*ABOUT THIS EXERCISE*. Output the exact lines that start at the one containing "Apartament 3 camere Calea Aradului" and continue to the last line of the entries below; do not output pictures.

*RECORDS PROVIDED*.
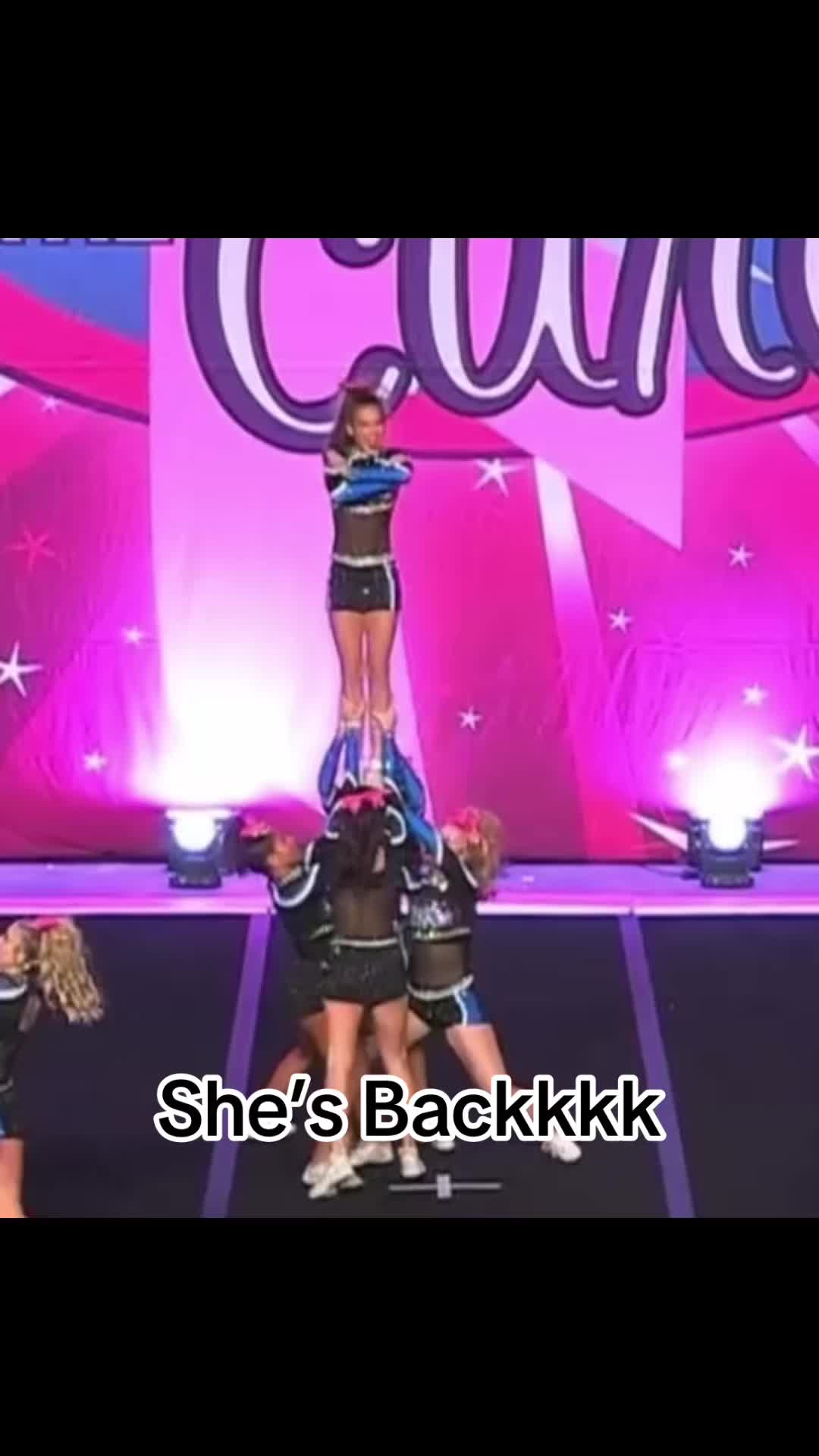 @canadiancheer0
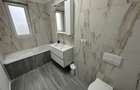 Apartament 3 camere Calea Aradului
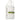Cleanse - Green Tea Mint / 1 Gallon - 128 oz. by Amber Products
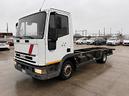 iveco-eurocargo-65e15-passo-3105-telaio-per-al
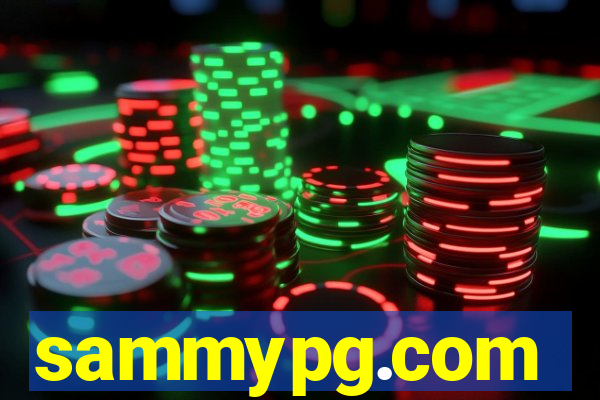 sammypg.com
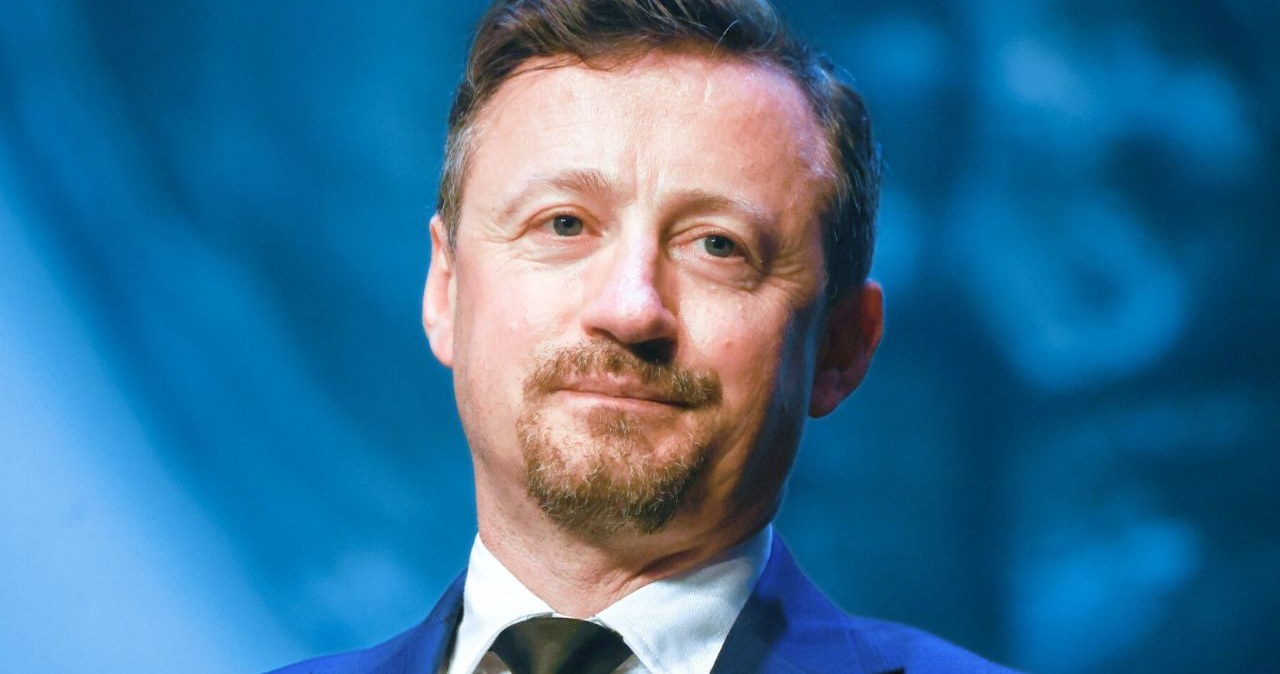 Małysz po 4 latach prezesowania wprost mówi o zmęczeniu. "Zapuściłem się"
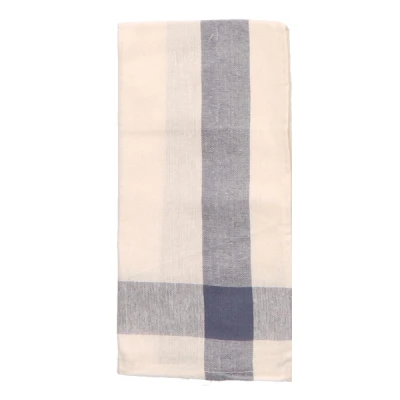 AST-ŚCIERKA KUCHENNA 45X65CM AST231740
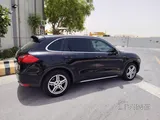 Porche Cayenne 2014 - Sale or Swap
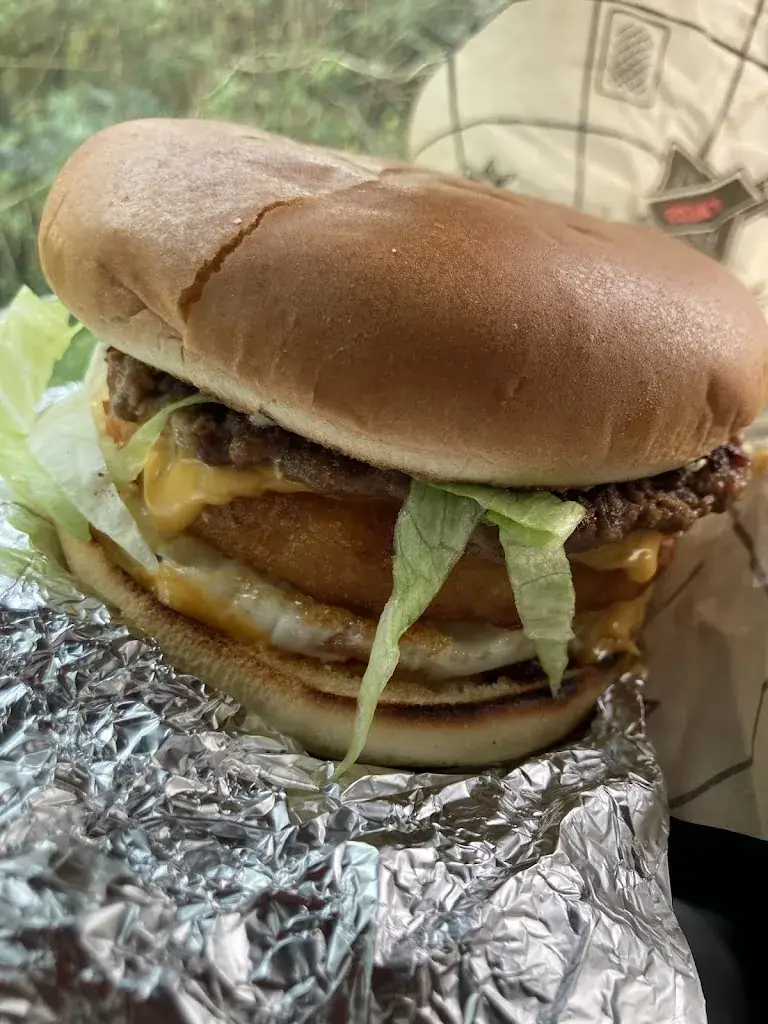 Menu_L’ATELIER FOOD_Armentières_image_6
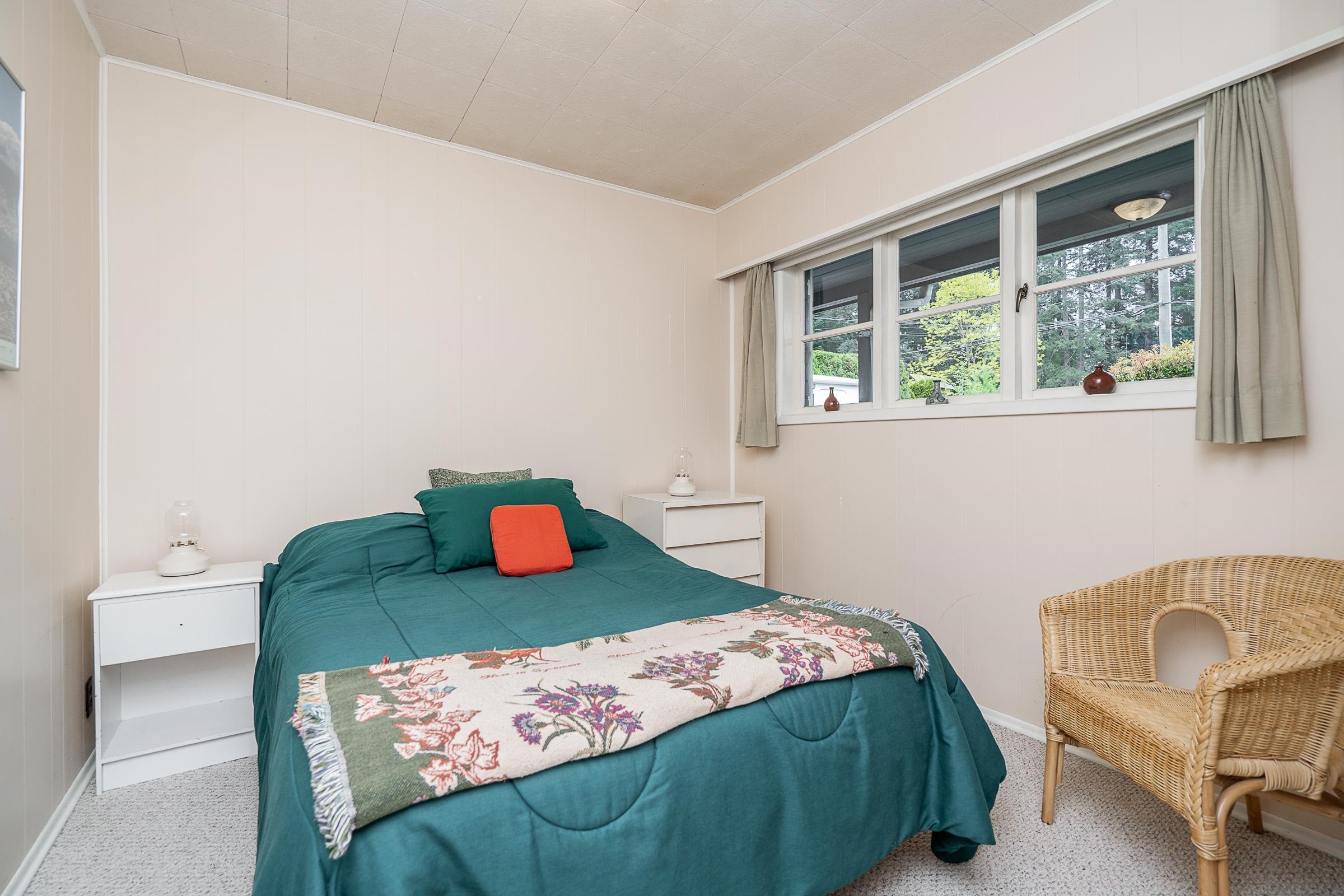 612 Hillcrest Street, Coquitlam, BC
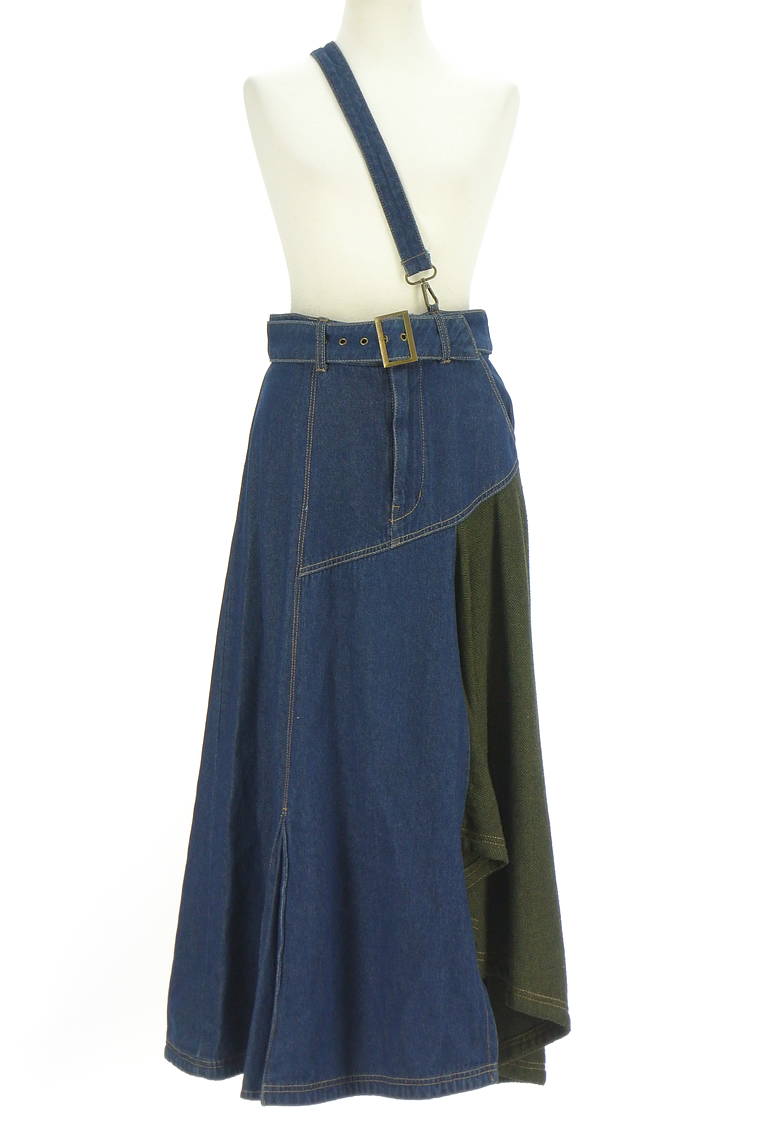 REDYAZEL（レディアゼル）の古着「商品番号：PR10336956」-大画像1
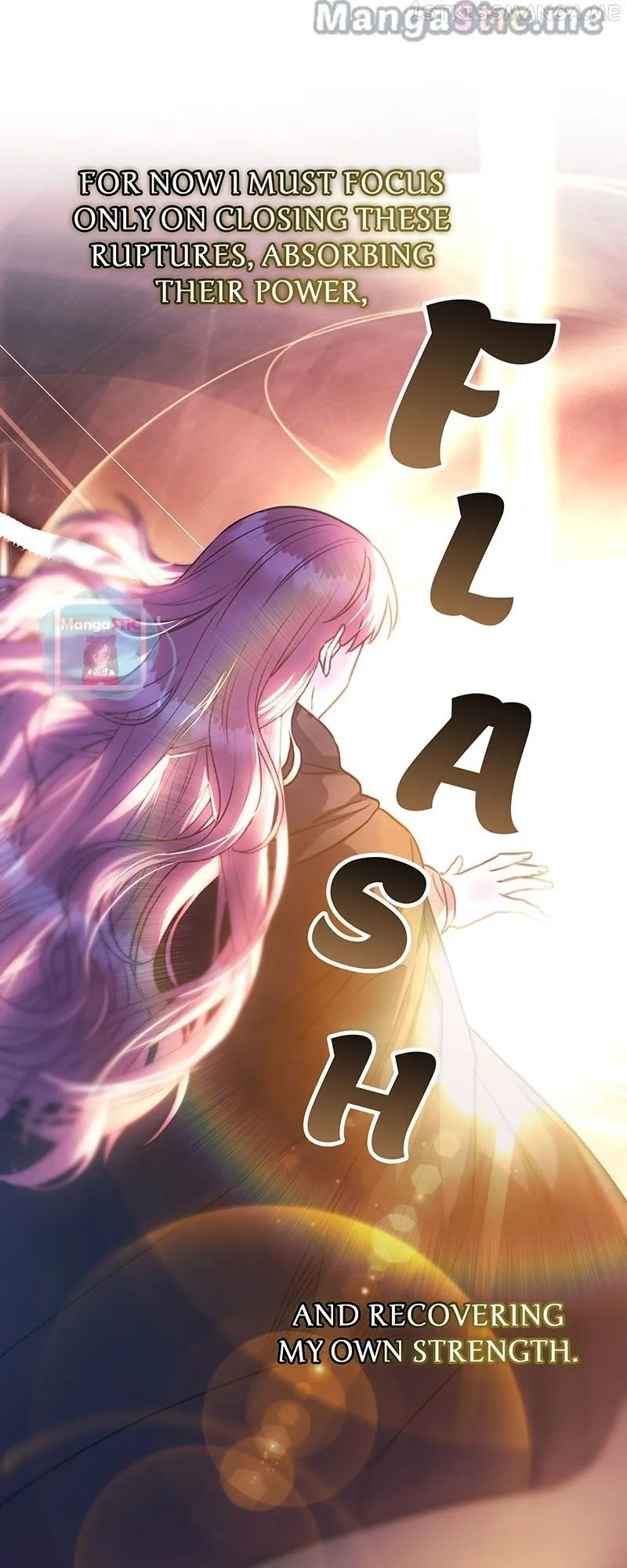 Another Typical Fantasy Romance - Chapter 68 Page 43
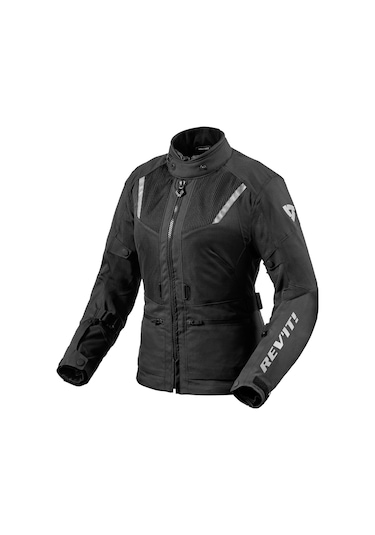 Revit Levante 2 H2O Kadin Motosiklet Montu-51828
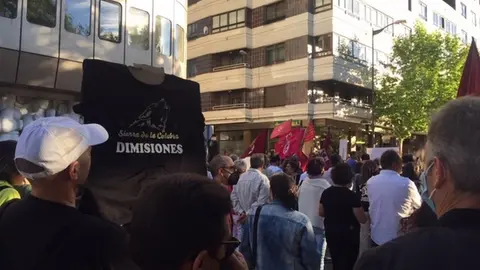 Protesta Barcial del Barco (25)
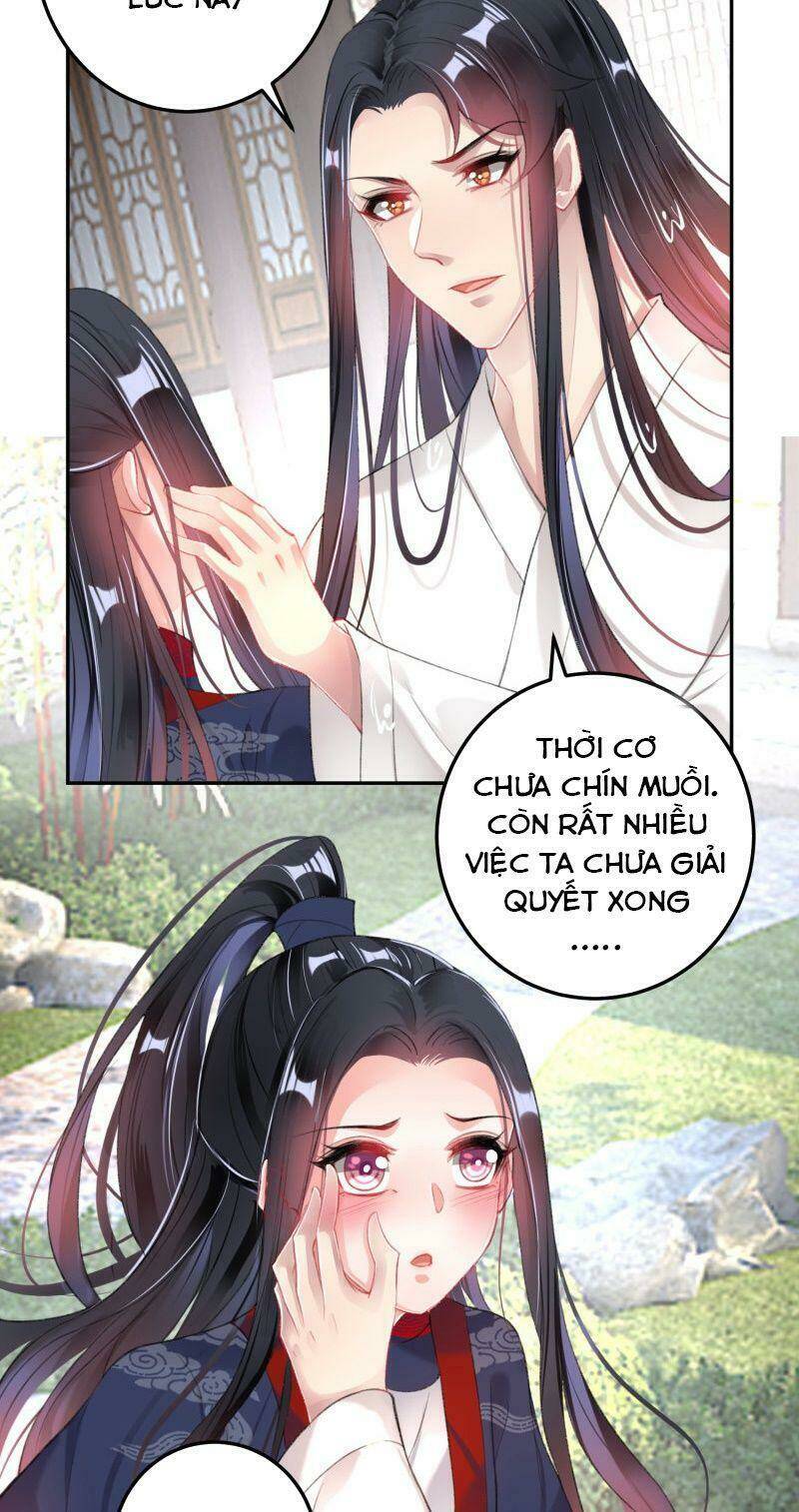 Trang 17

*OUTPUT FOR THIS EXERCISE*.
 Apartament 3 camere Calea Aradului
Cleanse - Green Tea Mint / 1 Gallon - 128 oz. by Amber Products
 iveco-eurocargo-65e15-passo-3105-telaio-per-al
 sammypg.com
 Małysz po 4 latach prezesowania wprost mówi o zmęczeniu. "Zapuściłem się"
 AST-ŚCIERKA KUCHENNA 45X65CM AST231740
 Porche Cayenne 2014 - Sale or Swap
 Menu_L’ATELIER FOOD_Armentières_image_6
 612 Hillcrest Street, Coquitlam, BC
 REDYAZEL（レディアゼル）の古着「商品番号：PR10336956」-大画像1
 Another Typical Fantasy Romance - Chapter 68 Page 43
 Revit Levante 2 H2O Kadin Motosiklet Montu-51828
 Protesta Barcial del Barco (25)
 Trang 17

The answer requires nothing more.